Surtout, de 6e trust automobile mondial en 2009, PSA est passé à la 9e place en 2012 et sa production a baissé de près de 5 % en 2013. Il a aussi été affecté par le retrait du premier trust mondial du secteur, l'américain General Motors Corporation qui a détenu 7 % du capital de PSA entre 2012 et 2013. En 2013 PSA enregistre d'ailleurs une perte nette de 2,3 milliards d'euros.
Le groupe DFMC est de son côté un trust détenu et organisé au niveau de l'État chinois (son ancien directeur est aujourd'hui ministre de l'industrie et son président actuel est secrétaire au Parti « Communiste » de Chine). Il a été fondé en 1968/1969 à l'époque de Mao Zedong dans la province du Hubei et son nom signifie littéralement « vent d'est », mais est devenu une entreprise capitaliste, forcément, avec l'arrivée au pouvoir de Deng Xiao Ping.
Le groupe DFMC est même le deuxième groupe automobile chinois avec 3 millions de véhicules en 2012 (dont seulement 200.000 voitures avec ses propres marques) et est associé avec PSA depuis les années 1990.
Alors, en quoi consiste l'accord validé par le conseil d'administration de PSA ?
Le groupe PSA a besoin de capitaux, concrètement il a besoin de financements pour relancer son activité. Le capital financier français n'est pas en mesure d'assumer seul cette tâche, c'est la raison pour laquelle il a été trouvé un accord avec la Chine d'un côté et que parallèlement a été annoncé l'ouverture du capital de la banque « Banque PSA Finance » - qui sert originellement aux opérations de refinancement du groupe et à la vente de crédits pour l'achat de ses voitures – au trust financier espagnol Santander.

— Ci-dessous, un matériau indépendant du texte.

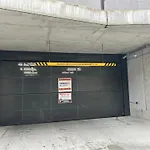 Stylish 2Br Apt Facing Albert Parkpoolparking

Les monopoles chinois ont des grosses capacités d'obtention de crédits, de par leur position particulière au milieu des contradictions inter-impérialistes, ainsi que de leur taux de croissance important. Ils sont en mesure de lever rapidement des sommes immenses, c'est ce qui intéresse le groupe PSA en mauvaise posture.
Pour sa part DongFeng Motor Corporation a besoin d'un accès aux technologies du groupe PSA qui est le premier déposant de brevets en France. Et bien sûr le capital chinois n'a pas la même valeur capitalistique que le capital français, fruit de plus d'un siècle de développement impérialiste. La plus-value intégrée dans le capital industriel français est bien plus importante que celle du capital industriel chinois, malgré son apparente (et relative) puissance.
La direction de DFMC a d'ailleurs ouvertement expliqué :
« Nous allons retirer de cet investissement des bénéfices – technologiques et autres – qui vont nous permettre de développer nos propres voitures. »
Il doit être créé un centre de recherche commun aux deux groupes pour développer de nouvelles technologies de moteurs, notamment le système Hybrid Air qui pourrait permettre une plus faible consommation et une meilleure autonomie.
Dorénavant, c'est Carlos Tavares qui doit prendre les rênes du groupe PSA. Il a déjà annoncer le nom de son plan de restructuration, « Back in the race » (de retour dans la course). Celui-ci devrait être « davantage orienté "business" » . Carlos Tavares n'est pas quelqu'un de neutre vis-à-vis de PSA, il a été le numéro 2 de Renault et y a fait pratiquement toute sa carrière depuis 1981. Il est donc directement lié à l'État français.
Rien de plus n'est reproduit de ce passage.